Appearing on "First Pitch" with Jim Memolo and Todd Hollandsworth on MLB Network Radio on SiriusXM last week, Saltalamacchia candidly states where he stands on the topic.
"I wasn't a big fan of it," Saltalamacchia said.
The 28-year-old noted MLBPA executive director Tony Clark sought his input on changing the rule.
"I told him I don't agree with it, I think it should stay the same," Saltalamacchia said in his radio interview. "If you take that away, then you take away a lot of different things at the plate. You take the aggressiveness from the third-base coach to send [the runner]."
From a technique standpoint, Saltalamacchia added catchers will have to adjust how they anticipate bang-bang plays.
"You take away my approach on how to block the plate," he said. "Now, I've got to kind of learn a different way on what I have to do. I've got to figure out the rules to begin with. And then I've got to spend a lot of time in Spring Training trying to figure out what's the best way to go about it, and how to still save the run, because a lot of games can be decided by one run."
Catcher safety has become a hot topic, and there has been growing support to avoid unnecessary roughness at the plate.
Two high-profile managers -- Bruce Bochy (Giants) and Mike Matheny (Cardinals) -- have advocated a ban on collisions. Both are former catchers, and their opinions have carried weight in bringing about change.

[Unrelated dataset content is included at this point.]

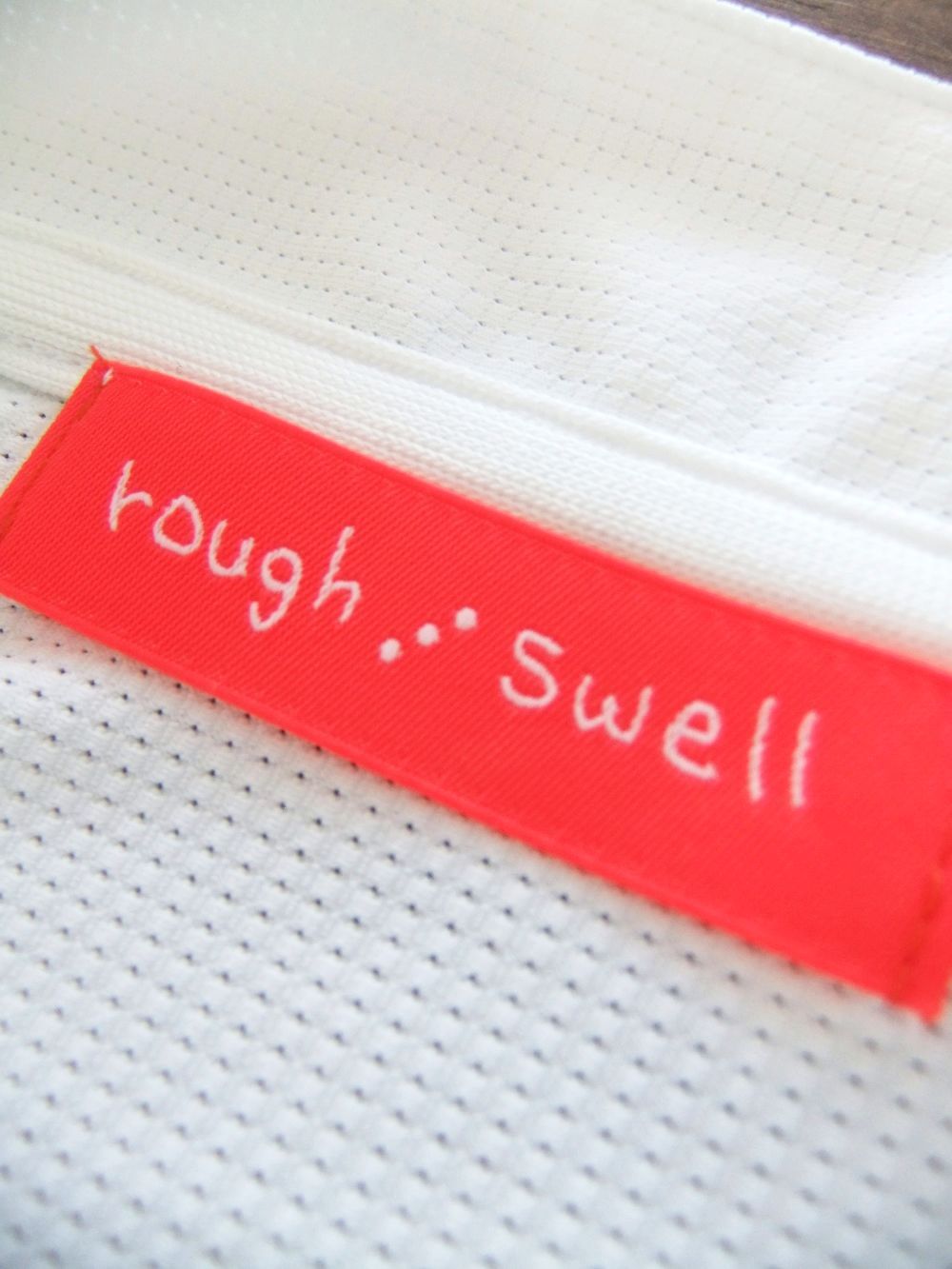【LADIES】 AIRLINE ROUGH-NECK W.   ロゴ ラフネック   RSL-22023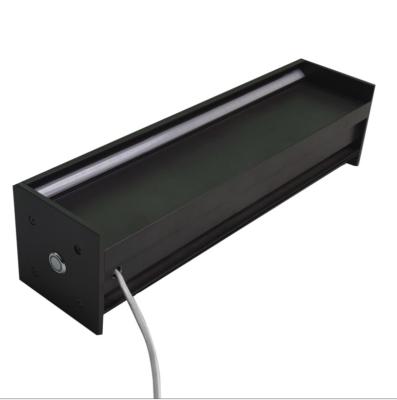 China 2021 Factory Supply Minimalist Favorable Price Aluminum Alloy Led Light Display Stand for sale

In May 2011, the Marlins were involved in one of the highest-profile collisions in recent memory when Scott Cousins barreled over San Francisco's Buster Posey, who missed the remainder of the season. Marlins manager Mike Redmond, a former catcher, understands the risks of playing the position. He also sees the importance of protecting players.
Saltalamacchia has become a major investment in Miami.
After winning the World Series with the Red Sox, Saltalamacchia signed a three-year, $21 million contract with the Marlins in early December.
"That's a tough one because I think as a player, I don't know that I minded the collisions," Redmond said at the Winter Meetings in December. "As a manager, obviously, with the concussions and the injuries, I want to protect my guys. I don't want them to get hurt, because I need them.
"I'm not sure exactly the answer. But I know that we're working on that and working on protecting guys. I know that there is a solution out there. What it is, I'm not sure yet. But I don't want to see guys get hurt, and I know we're going to work on trying to protect these guys."